But because your evolution script has errors, you probably want to fix it. So you modify the 3.sql
script:
-- Add another column to User
-- !Ups
ALTER TABLE User ADD company varchar(255);
-- !Downs
ALTER TABLE User DROP company;
Play detects this new evolution that replaces the previous 3 one, and will run the appropriate script. Now everything is fixed, and you can continue to work.
In development mode however it is often simpler to simply trash your development database and reapply all evolutions from the beginning.
§Transactional DDL
By default, each statement of each evolution script will be executed immediately.
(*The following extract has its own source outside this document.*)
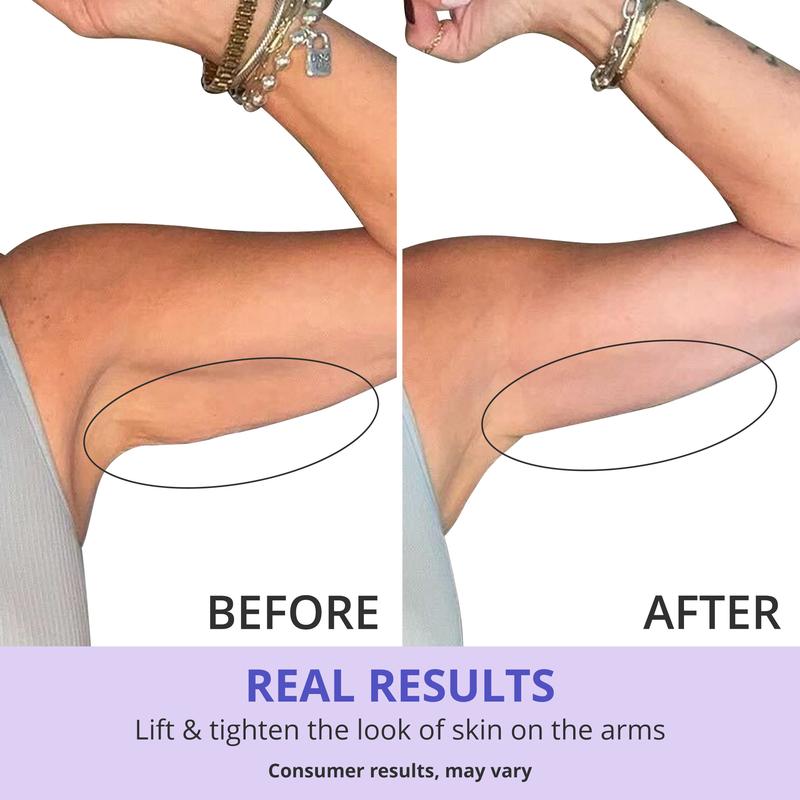 🔥TLOPA® Sculpt & Tone Arm Cream | 7% ProTight + Ashwagandha Root | Firm & Hydrate, Rescue Loose Skin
If your database supports Transactional DDL you can set evolutions.autocommit=false
in application.conf to change this behaviour, causing all statements to be executed in one transaction only. Now, when an evolution script fails to apply with autocommit disabled, the whole transaction gets rolled back and no changes will be applied at all. So your database stays “clean” and will not become inconsistent. This allows you to easily fix any DDL issues in the evolution scripts without having to modify the database by hand like described above.
§Evolution storage and limitations
Evolutions are stored in your database in a table called play_evolutions
. A Text column stores the actual evolution script. Your database probably has a 64kb size limit on a text column. To work around the 64kb limitation you could: manually alter the play_evolutions table structure changing the column type or (preferred) create multiple evolutions scripts less than 64kb in size.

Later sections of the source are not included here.